Fears of terrorism strikes Gambia’s President Adama Barrow

Fears of terrorism strikes Gambia’s President Adama Barrow

Africa’s newest leader, Adama Barrow has committed to joining regional leaders in fighting terrorism, which has posed a threat to his majority Muslim nation of fewer than two million people, two months after two suspected terrorist heading to the Gambia were intercepted.

President Barrow assumed power after regional forces led by troops from neighboring Senegal and support by Africa’s super power, Nigeria.

Senegalese authorities in February arrested two men linked to deadly terrorist attacks in Mali and Ivory Coast, who were heading to the Gambia just days after Barrow’s inauguration. The men were wanted in connection to an attack on a hotel in Mali’s capital, Bamako and in Grand Bassam, Ivory Coast.

Gambia is a popular tourist destination for British holidaymakers and Scandinavians escaping the cold winter.
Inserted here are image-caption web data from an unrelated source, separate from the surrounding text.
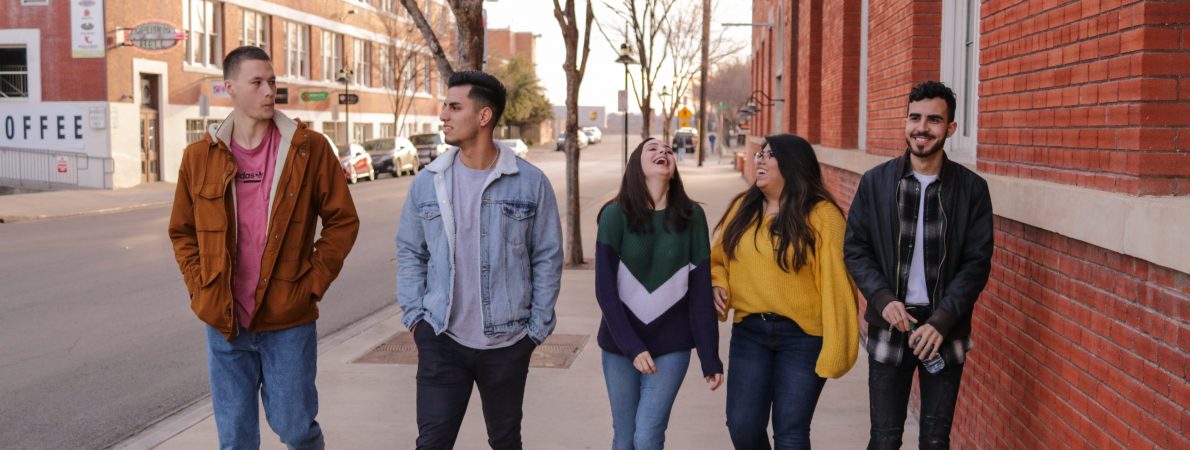 Group of students walking and laughing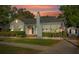 Charming home with fresh landscaping, beautiful light, and an American flag outside at 108 S Lincoln Ave, Tampa, FL 33609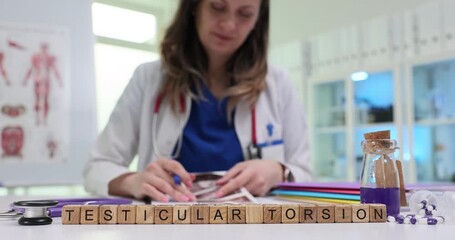 Wooden blocks spell words Testicular Torsion while woman urologist studies notebook. Female doctor writes plan explaining testicular torsion pain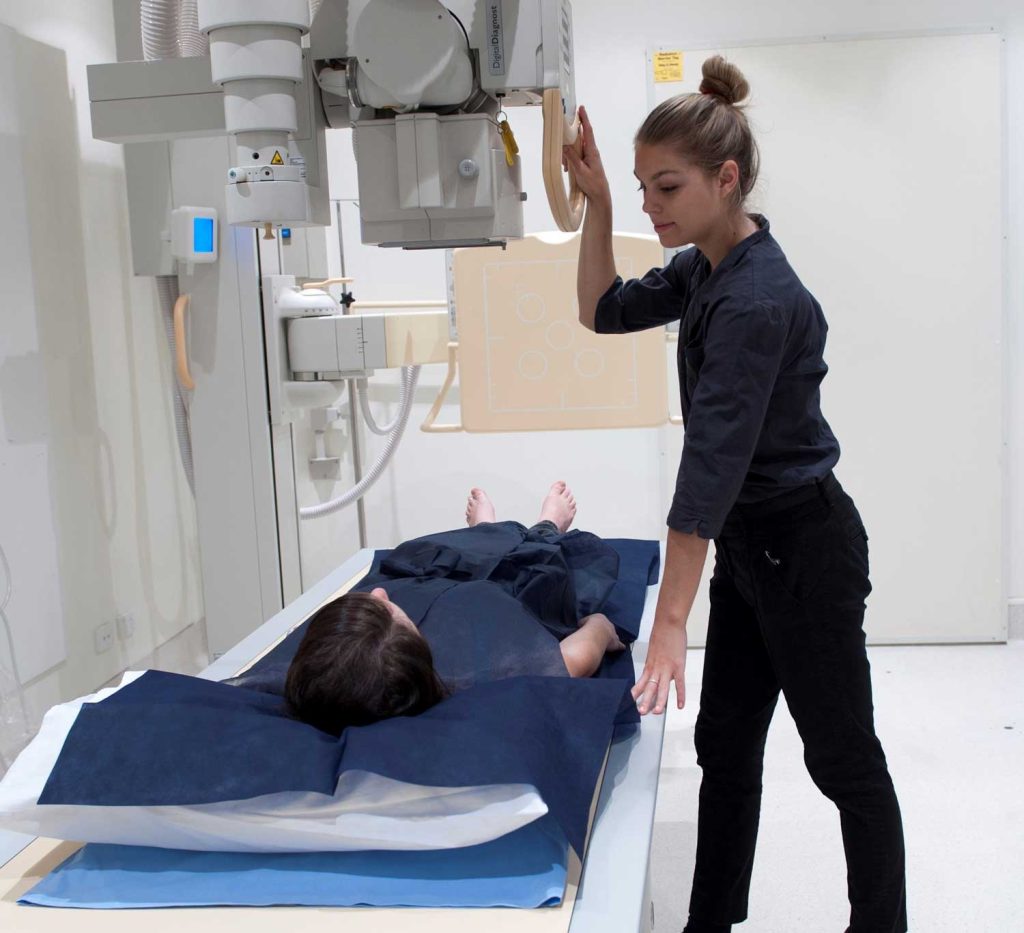 Radiographer positioning a patient for an X-ray examination in a diagnostic imaging room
British Foreign Secretary, Boris Johnson announced the UK and Gambia will partner in ensuring security and repel the the threat of terrorism.

UK’s Foreign Office had flag the Gambia as being at risk of terrorist attack during the political standoff sparked by former President Yahya Jammeh’s refusal to cede power.

Jammeh, the decades-long autocratic ruler had declared Gambia and Islamic Republic, a declaration partly responsible for his surprise defeat in last year’s polls.

Although the erstwhile ruler had participated in at least two CIA renditions, building strong relations with the Bush administration and former Ambassador Jackson MacDonald, it did not stop Jammeh from inviting controverisial preacher, Zakir Naik, who is wanted in his native India for inspiring terrorist activities and sectarian violence.

Naik’s visit to the West African nation led to debates over the secularity of the state and nearly sparked confrontation between Christians and Muslims.

The Christians, who felt marginalized, especially after an attempt to close their cemetery in the entrance of the capital, and after drumming was banned by authorities during the Ramadan leading to worship services in churches being interrupted by the police show their anger by voting for Barrow.

Barrow attended a regional security meeting with French President Francois Hollande before his swearing-in in Bamako. He was also in Paris where he agreed to military cooperation with France.

French troops will start training Gambia’s military, including its handful of Special Forces, State House officials say.

Terrorists have attacked most of Gambia’s neighbors, especially in Nigeria, where Boko Haram has killed at least 20,000 people since it mounted an insurgency some seven years ago. Nigerians can travel to the Gambia without a visa or security clearance and can live and work in the country without a permanent residency.